Statistics: Gain scores vs. residualized gain scores

From MathWiki

Table of contents


Hand and Taylor (1987) provide a good summary:

"In general, when one is presented with measurements taken at two time points there are several ways in which the analysis may be approached, the the most obvious are either to work with difference scores or to use the first occasion's measurements as covariates in analysing the second. These two approaches can yield different results -- a fact which has led to some confusion in the past (and has been given the name of Lord's paradox). The reason that the results can differ is simply that the two approaches are asking different questions. This is most easily illustrated in the simple two-group comparison case; that is, we have two groups of subjects, each measured at two time points, and we wish to compare the changes the two groups experience. Then the difference-score approach enquires whether there is a difference in average change of the two populations. The covariance approach asks whether a member of group 1 is expected to change more than a member of group 2, given that they have the same initial value. It is this final question that distinguishes the questions." [p. 166]

The critical issue is then to understand which 'statistical question' addresses which 'scientific question'? The answer often hinges on the causal position of the first measurement. If it is a potential 'confounder' or covariate not affected by group membership, then it is correct to use it as a covariate. If it is a 'mediator' or a partial mediator, then the question is more complex. Different models may answer different scientific questions.

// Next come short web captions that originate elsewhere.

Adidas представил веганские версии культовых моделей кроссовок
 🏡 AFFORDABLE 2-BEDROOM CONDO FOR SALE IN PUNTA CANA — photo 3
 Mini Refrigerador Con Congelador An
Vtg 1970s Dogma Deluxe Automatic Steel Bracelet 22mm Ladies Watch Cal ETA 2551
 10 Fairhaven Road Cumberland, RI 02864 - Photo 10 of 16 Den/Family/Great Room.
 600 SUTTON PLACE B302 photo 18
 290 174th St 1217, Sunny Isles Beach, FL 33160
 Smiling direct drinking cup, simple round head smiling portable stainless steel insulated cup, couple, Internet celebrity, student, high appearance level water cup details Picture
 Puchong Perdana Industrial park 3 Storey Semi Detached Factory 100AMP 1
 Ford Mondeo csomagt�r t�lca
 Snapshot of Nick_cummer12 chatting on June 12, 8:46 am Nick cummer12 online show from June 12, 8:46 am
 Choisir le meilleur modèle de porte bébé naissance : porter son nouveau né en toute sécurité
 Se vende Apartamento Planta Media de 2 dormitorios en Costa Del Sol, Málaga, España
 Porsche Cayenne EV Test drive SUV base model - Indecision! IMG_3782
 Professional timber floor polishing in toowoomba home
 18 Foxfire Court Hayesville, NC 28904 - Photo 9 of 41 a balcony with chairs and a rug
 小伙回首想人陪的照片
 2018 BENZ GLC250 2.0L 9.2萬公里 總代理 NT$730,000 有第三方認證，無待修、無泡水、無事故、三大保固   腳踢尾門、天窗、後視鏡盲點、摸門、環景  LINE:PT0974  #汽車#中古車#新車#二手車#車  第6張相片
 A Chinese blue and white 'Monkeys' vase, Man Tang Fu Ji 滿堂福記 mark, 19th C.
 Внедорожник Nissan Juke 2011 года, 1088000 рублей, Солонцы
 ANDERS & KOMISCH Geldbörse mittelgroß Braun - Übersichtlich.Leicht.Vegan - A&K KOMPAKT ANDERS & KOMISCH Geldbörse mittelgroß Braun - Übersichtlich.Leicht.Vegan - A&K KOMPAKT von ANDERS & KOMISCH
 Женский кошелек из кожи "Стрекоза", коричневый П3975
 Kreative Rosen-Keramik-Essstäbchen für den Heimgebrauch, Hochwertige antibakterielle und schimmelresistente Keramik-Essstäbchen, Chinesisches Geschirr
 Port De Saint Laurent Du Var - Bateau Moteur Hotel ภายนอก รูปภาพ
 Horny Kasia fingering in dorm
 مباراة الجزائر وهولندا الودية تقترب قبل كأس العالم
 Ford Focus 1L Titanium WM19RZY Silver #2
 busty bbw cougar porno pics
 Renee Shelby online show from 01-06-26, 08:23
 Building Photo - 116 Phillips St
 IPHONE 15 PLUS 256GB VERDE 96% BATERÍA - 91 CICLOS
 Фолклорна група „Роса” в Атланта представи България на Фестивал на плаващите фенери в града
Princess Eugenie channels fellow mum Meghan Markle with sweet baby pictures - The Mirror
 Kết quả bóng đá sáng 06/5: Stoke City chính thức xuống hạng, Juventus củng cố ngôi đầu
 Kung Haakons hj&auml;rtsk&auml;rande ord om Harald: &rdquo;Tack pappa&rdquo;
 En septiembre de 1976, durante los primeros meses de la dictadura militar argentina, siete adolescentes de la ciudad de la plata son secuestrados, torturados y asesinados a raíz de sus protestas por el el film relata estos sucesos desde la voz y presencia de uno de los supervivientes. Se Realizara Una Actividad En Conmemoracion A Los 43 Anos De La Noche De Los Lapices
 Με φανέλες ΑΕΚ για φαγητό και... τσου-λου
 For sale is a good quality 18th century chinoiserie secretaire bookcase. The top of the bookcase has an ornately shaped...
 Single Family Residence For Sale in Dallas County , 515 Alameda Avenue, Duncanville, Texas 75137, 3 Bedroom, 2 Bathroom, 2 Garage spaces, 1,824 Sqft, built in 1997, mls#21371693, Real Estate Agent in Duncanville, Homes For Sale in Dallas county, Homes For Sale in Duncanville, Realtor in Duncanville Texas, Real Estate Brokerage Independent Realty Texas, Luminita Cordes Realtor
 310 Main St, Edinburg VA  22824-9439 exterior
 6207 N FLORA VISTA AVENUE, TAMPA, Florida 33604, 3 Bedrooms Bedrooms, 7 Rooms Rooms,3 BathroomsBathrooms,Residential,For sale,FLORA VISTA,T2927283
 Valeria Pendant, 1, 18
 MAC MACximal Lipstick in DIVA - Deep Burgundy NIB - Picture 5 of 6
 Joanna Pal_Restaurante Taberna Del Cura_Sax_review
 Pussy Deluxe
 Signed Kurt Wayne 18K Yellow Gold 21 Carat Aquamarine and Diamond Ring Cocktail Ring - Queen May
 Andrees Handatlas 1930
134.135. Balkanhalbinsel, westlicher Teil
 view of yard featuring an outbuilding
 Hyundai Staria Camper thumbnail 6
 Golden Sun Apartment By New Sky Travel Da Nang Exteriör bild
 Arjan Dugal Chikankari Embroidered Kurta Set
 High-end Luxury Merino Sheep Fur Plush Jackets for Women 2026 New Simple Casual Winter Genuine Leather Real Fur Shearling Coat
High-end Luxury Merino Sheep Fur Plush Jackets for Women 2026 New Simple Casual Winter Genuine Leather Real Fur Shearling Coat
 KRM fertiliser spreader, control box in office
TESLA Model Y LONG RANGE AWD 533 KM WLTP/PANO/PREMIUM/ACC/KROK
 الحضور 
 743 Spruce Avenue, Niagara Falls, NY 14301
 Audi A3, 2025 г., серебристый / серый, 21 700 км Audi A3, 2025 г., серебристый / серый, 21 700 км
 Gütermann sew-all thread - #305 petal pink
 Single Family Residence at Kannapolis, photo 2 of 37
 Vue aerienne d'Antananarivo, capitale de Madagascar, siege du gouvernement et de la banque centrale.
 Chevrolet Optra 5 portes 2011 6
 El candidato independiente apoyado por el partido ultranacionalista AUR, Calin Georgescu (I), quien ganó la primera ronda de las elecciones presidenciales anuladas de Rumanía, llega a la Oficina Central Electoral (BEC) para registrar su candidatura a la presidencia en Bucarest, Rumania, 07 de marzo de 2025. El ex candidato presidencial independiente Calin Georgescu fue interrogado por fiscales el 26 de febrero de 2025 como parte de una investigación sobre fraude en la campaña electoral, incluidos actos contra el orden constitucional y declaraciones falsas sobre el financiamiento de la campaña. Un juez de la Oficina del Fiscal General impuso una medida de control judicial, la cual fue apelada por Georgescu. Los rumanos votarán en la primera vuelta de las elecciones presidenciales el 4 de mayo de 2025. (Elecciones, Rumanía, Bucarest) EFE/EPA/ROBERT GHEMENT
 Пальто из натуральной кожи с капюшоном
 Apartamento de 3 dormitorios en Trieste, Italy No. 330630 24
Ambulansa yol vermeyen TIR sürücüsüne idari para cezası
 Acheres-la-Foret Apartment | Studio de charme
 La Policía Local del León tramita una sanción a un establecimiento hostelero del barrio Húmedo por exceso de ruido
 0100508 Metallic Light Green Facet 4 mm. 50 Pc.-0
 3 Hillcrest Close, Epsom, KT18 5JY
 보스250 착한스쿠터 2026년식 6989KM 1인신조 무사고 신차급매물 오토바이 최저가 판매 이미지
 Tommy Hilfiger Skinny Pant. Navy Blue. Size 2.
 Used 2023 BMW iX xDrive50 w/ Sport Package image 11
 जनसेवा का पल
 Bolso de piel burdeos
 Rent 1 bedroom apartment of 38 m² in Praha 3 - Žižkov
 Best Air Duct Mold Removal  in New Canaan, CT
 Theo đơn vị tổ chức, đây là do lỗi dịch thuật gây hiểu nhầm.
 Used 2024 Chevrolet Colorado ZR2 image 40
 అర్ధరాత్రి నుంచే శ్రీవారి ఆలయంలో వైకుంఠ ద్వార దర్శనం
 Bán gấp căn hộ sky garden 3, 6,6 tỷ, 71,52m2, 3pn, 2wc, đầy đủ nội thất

Some recent materials on using gain scores vs. using the pre-test as a covariate

Everitt and Pickles, 2004. p. 128, discussion of baseline measurements:

Three ways of using baseline measure:

  1. POST: analyze post measure only -- ignore baseline
  2. CHANGE: difference or gain score
  3. ANCOVA: use baseline as covariate (In this case one can use either the post measure or the gain score as an outcome. The estimated treatment effects will be identical)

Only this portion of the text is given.